Discussions are open. Anything can be said. The good, the bad and the ugly of each team are fair game unless a committee member is affiliated with the school. If your school is up for debate, you may not participate and must leave the room. The public perception that there is politicking and posturing isn't true. The conversations are honest and unbiased.
Here's the perfect example: I represented the seat of Judy Southard, LSU senior associate athletic director and former committee chairwoman. When the Lady Tigers came up late Thursday evening, I promptly was asked to leave the room. So I grabbed my water bottle and headed for the hallway, where for five minutes I was flooded by the memory of eighth-grade Spanish class and the punishment that came with talking too much (always in English) during a vocabulary lesson. A strange feeling it is, being banished to solitude in an empty hallway as an adult, but it's a simple way to a fairer selection process.
Principle and procedures: serious business
Getting this done correctly and without bias, even unintentional bias, requires that all the principles used for picking and bracketing the field be applied across the board. The procedures must be followed in order, completely and without exception.

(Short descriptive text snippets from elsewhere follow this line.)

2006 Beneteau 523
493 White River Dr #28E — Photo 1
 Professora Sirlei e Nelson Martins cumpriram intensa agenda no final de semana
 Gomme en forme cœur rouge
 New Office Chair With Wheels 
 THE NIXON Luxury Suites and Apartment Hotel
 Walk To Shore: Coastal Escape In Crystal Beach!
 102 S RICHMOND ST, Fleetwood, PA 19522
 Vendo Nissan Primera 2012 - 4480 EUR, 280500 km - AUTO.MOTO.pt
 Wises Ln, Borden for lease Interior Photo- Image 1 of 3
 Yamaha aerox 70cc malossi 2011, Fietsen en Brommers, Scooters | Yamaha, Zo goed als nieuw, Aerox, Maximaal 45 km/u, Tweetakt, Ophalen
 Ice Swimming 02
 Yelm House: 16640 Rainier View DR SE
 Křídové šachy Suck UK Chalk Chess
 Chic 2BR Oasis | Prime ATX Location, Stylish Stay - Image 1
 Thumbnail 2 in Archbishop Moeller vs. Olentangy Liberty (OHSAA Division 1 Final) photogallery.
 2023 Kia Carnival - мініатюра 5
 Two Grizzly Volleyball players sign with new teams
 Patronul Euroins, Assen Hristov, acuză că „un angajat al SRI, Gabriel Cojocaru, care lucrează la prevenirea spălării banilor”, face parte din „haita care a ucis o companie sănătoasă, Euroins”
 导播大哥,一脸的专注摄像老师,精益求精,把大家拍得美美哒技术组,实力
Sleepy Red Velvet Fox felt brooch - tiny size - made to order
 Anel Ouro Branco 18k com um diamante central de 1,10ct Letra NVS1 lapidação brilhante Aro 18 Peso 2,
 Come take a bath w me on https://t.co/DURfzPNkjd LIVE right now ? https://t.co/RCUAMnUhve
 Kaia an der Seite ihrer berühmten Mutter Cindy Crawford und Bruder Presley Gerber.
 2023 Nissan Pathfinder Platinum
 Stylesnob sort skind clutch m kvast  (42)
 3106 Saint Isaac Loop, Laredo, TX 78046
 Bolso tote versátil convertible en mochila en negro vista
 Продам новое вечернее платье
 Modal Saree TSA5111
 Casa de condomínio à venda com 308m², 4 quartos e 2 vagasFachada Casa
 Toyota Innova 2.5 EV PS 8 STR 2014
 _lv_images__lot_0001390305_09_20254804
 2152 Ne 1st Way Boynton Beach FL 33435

First, the 33 at-large teams must be chosen. Then the field must be seeded (that essentially is done by establishing the S-curve -- the ranking of all 64 teams in order, which also provides the seeds), then the field is bracketed. Then the first- and second-round sites are added. These steps must be followed in order. One area has to be completed before the next is begun. That is important so the temptation for even unintentional manipulation is eliminated. For instance, by making sure the first- and second-round sites aren't even looked at until the end, nowhere in the process might a host team gain or lose a vote just to make some of the other principles easier to follow.
Principles -- such as ensuring that teams from the same conference do not meet until the regional finals or that no more than two teams from the same conference can appear in the same region unless nine teams from one league are selected or that the higher-ranked teams get placed in their closest regional (more on the geography angle later) -- are sometimes difficult to follow and can easily conflict with each other. Still, the committee must find a way to never violate a principle. That applies everywhere and was a fact of which we were reminded regularly by our NCAA overseers.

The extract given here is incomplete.